_WHAT THE EXERCISE ASKS_.
Restate all the entries exactly as they appear, apart from the pictures.

==== MATERIAL SHOWN ====

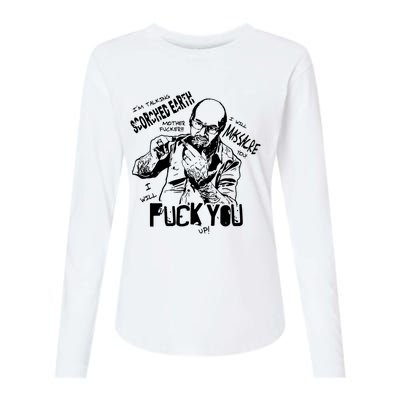 Crazy Angry Womens Cotton Relaxed Long Sleeve T-Shirt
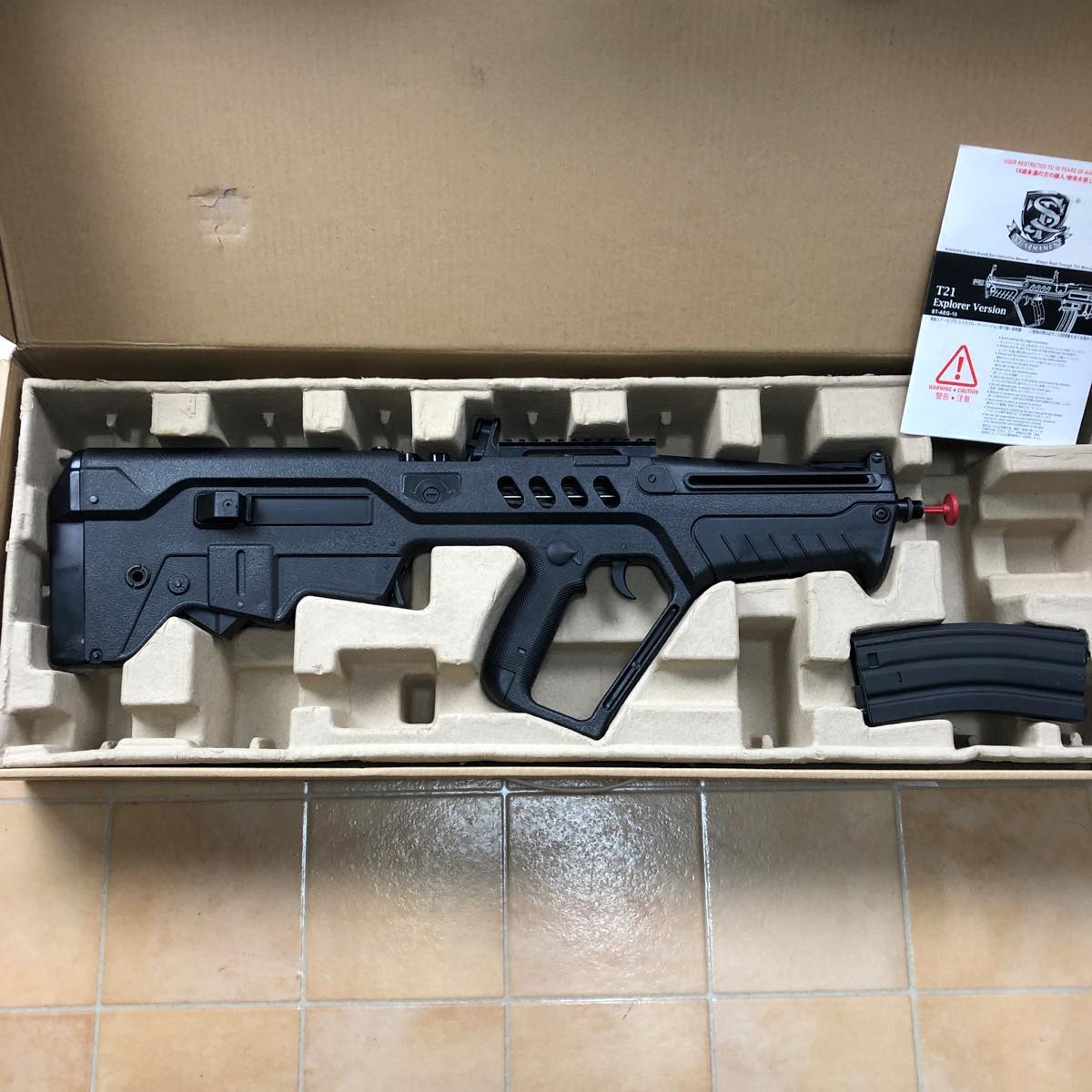 S＆T T21 タボール(黒） 箱あり フラッシュハイダー欠品 電動ガン #696 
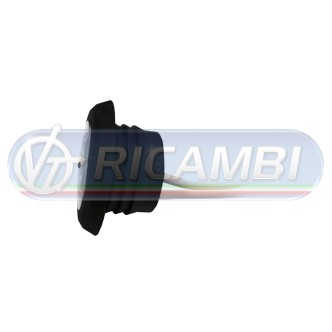 1 - FANALINO INGOMBRO A INCASSO TONDO 1 LED ROSSO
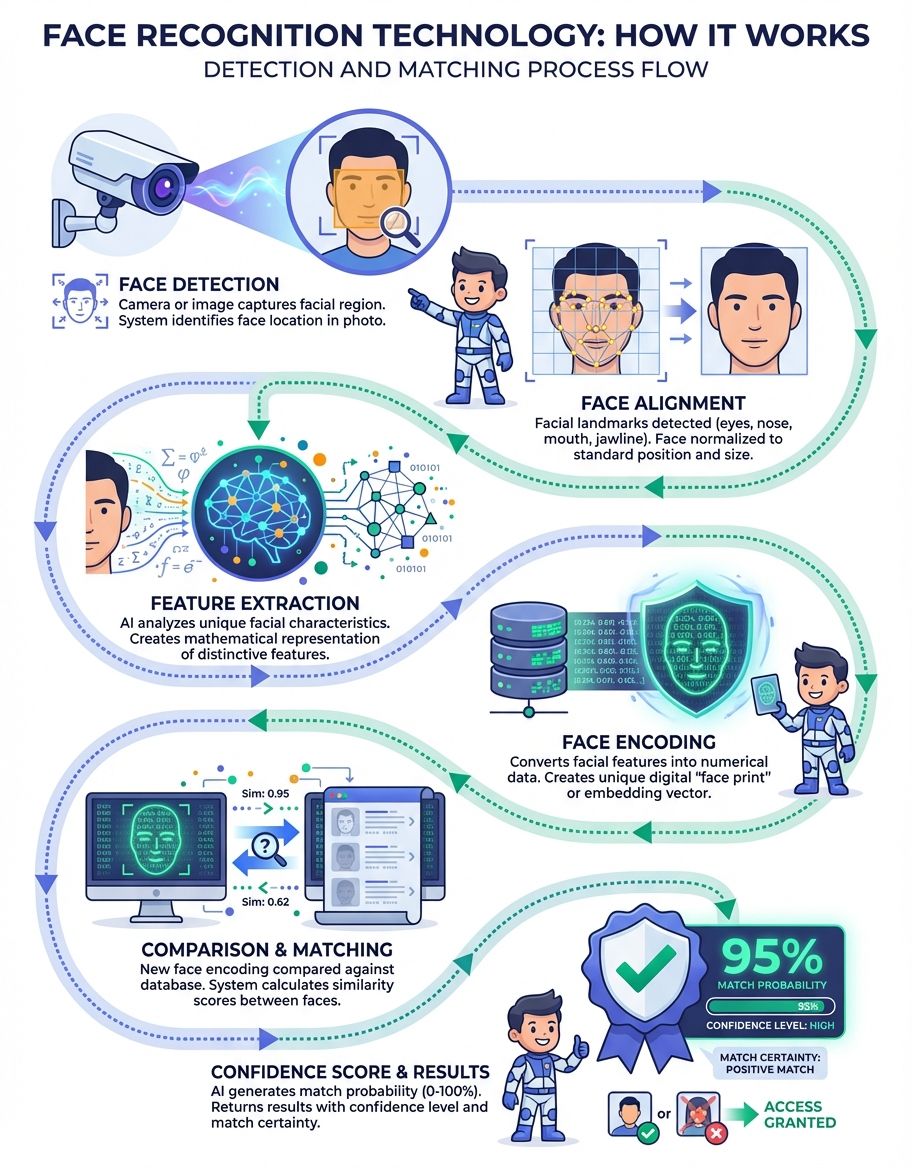 how face recognition technology works - face-detection-process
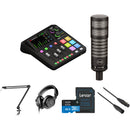 RODE RODECaster Duo Podcasting Kit with 512 AUDIO Limelight Mic, Boom Arm & Headphones
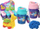 Lodër antistres Leantoys Squishy Cup, stiropor, blu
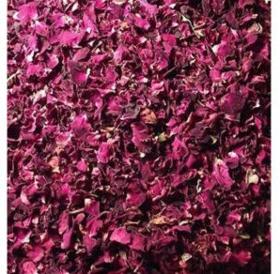 Dried rose petals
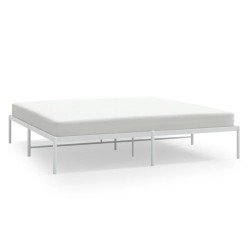 vidaXL Estructura de cama de metal blanca 200x200 cm
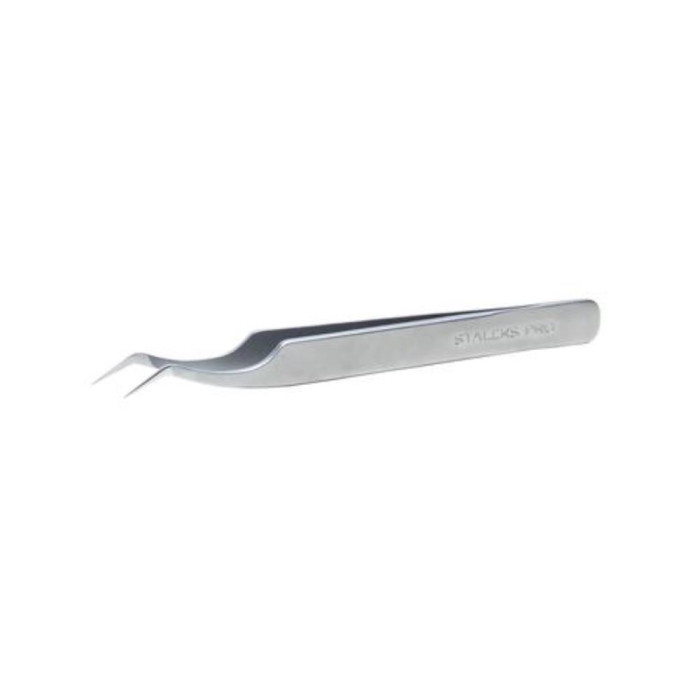 Пинцет профессиональный для ресниц Staleks Pro Expert 41 Type 7 (L-образный, 30')
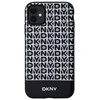 DKNY PU Leather Repeat Pattern Bottom Stripe MagSafe dėklas telefonui Apple iPhone 11 juodos spalvos
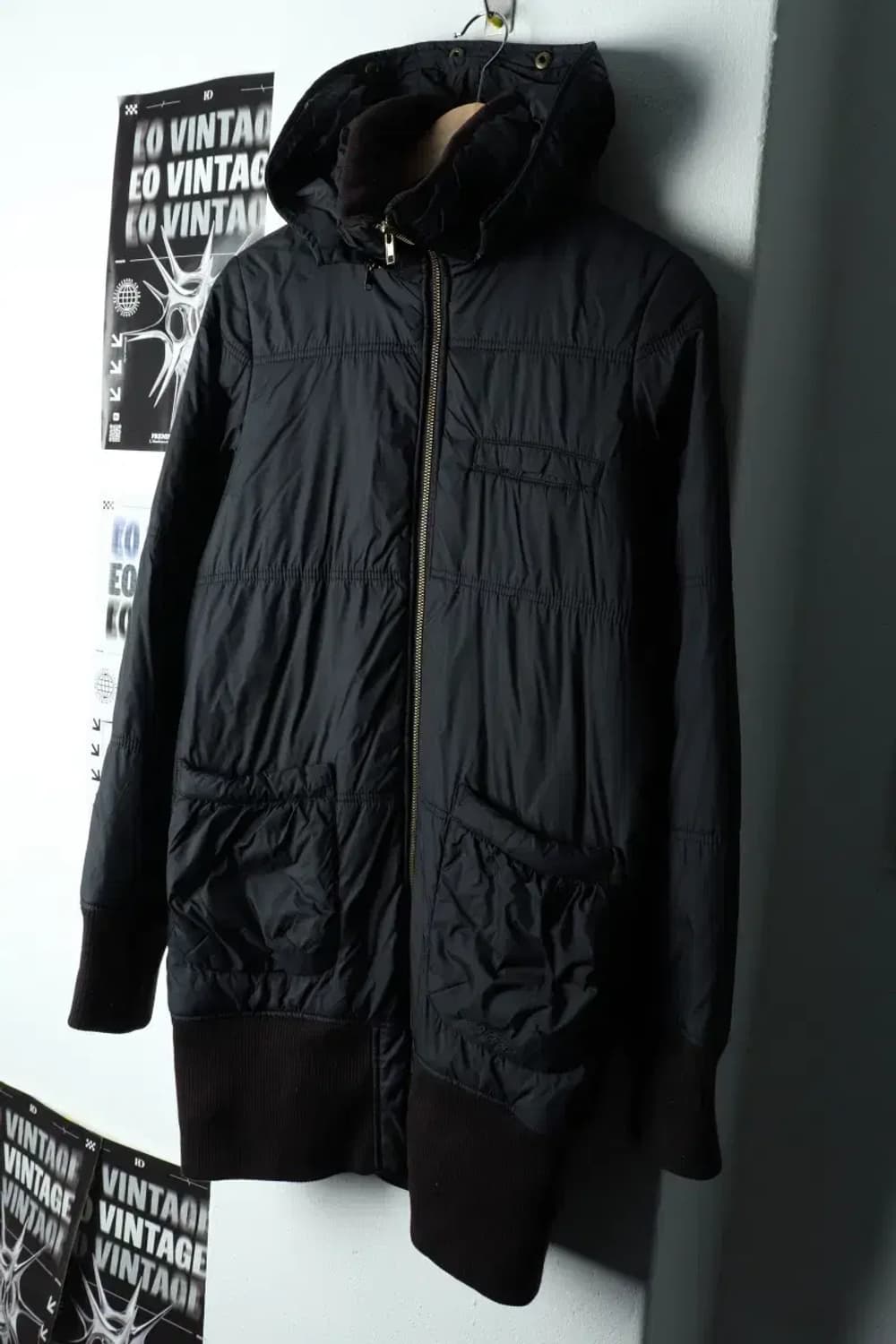 W(M) 반스 패딩 점퍼자켓 블랙 롱 올드스쿨-15B9F 상품이미지1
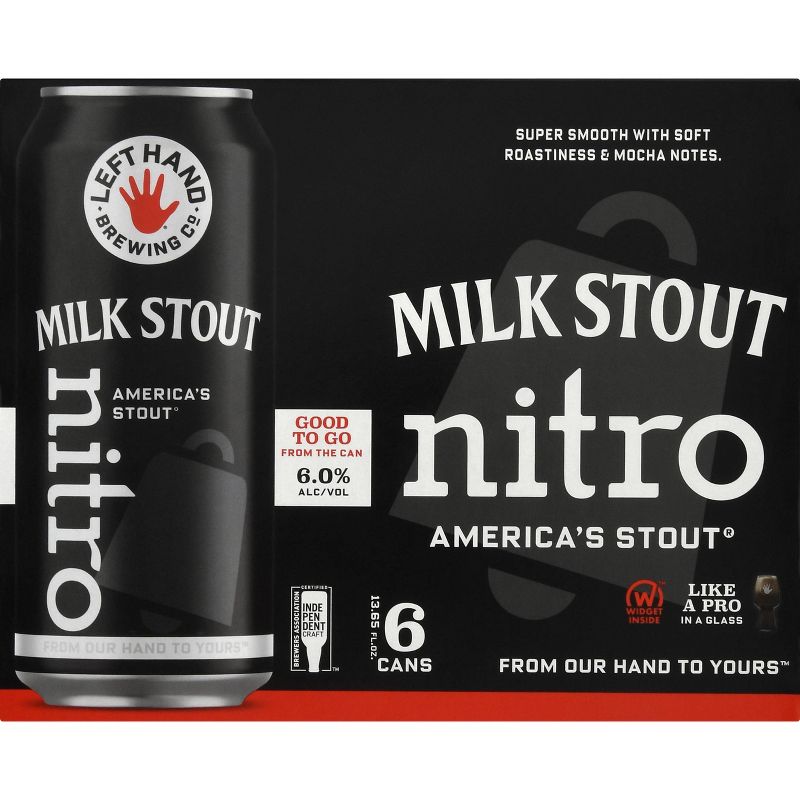 Left Hand Milk Stout Nitro Beer - 6pk/13.65 fl oz Cans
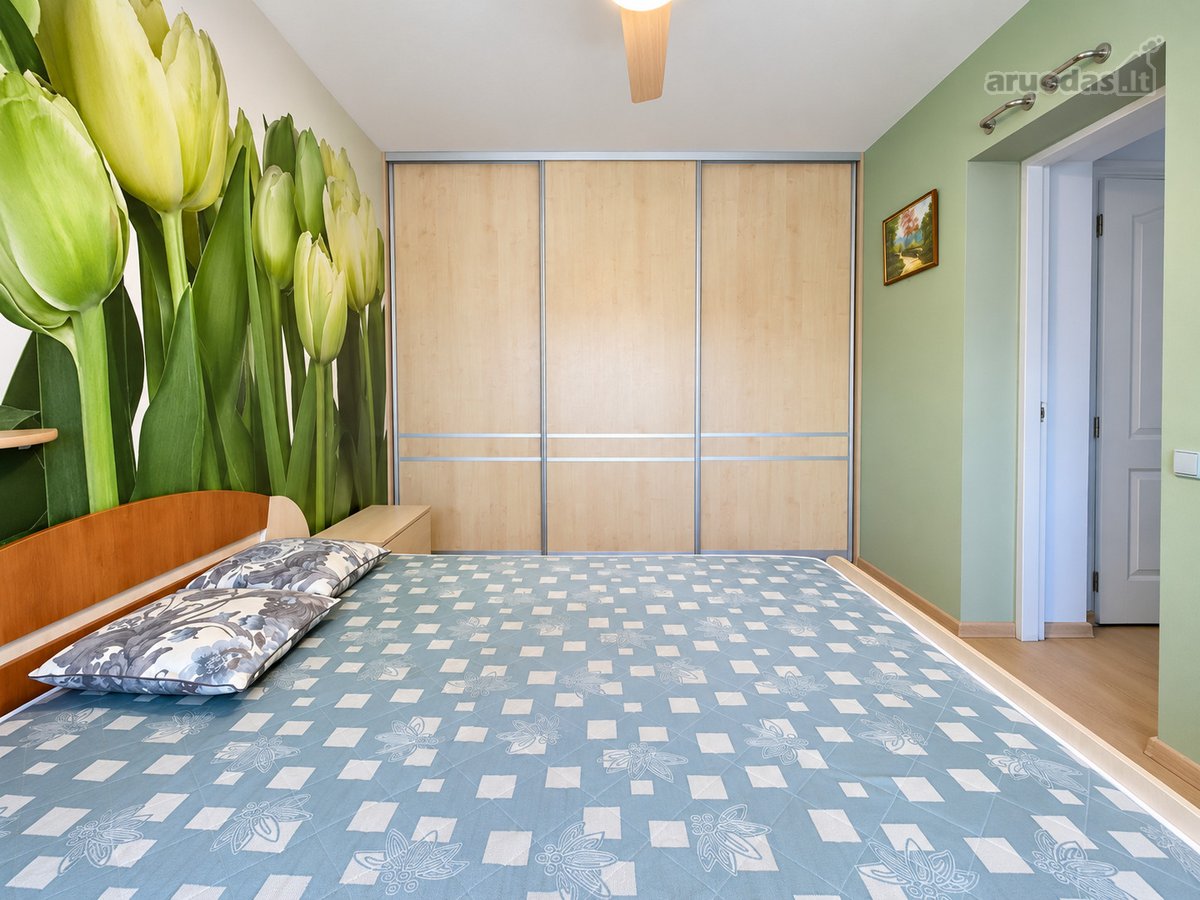 Nuomojamas tvarkingas, šviesus 2 kambarių - nuotraukos Nr. 8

====

_EXPECTED OUTPUT_.
 Crazy Angry Womens Cotton Relaxed Long Sleeve T-Shirt
 S＆T T21 タボール(黒） 箱あり フラッシュハイダー欠品 電動ガン #696 
 1 - FANALINO INGOMBRO A INCASSO TONDO 1 LED ROSSO
 how face recognition technology works - face-detection-process
 RODE RODECaster Duo Podcasting Kit with 512 AUDIO Limelight Mic, Boom Arm & Headphones
 Lodër antistres Leantoys Squishy Cup, stiropor, blu
 Dried rose petals
 vidaXL Estructura de cama de metal blanca 200x200 cm
 Пинцет профессиональный для ресниц Staleks Pro Expert 41 Type 7 (L-образный, 30')
 DKNY PU Leather Repeat Pattern Bottom Stripe MagSafe dėklas telefonui Apple iPhone 11 juodos spalvos
 W(M) 반스 패딩 점퍼자켓 블랙 롱 올드스쿨-15B9F 상품이미지1
 Left Hand Milk Stout Nitro Beer - 6pk/13.65 fl oz Cans
 Nuomojamas tvarkingas, šviesus 2 kambarių - nuotraukos Nr. 8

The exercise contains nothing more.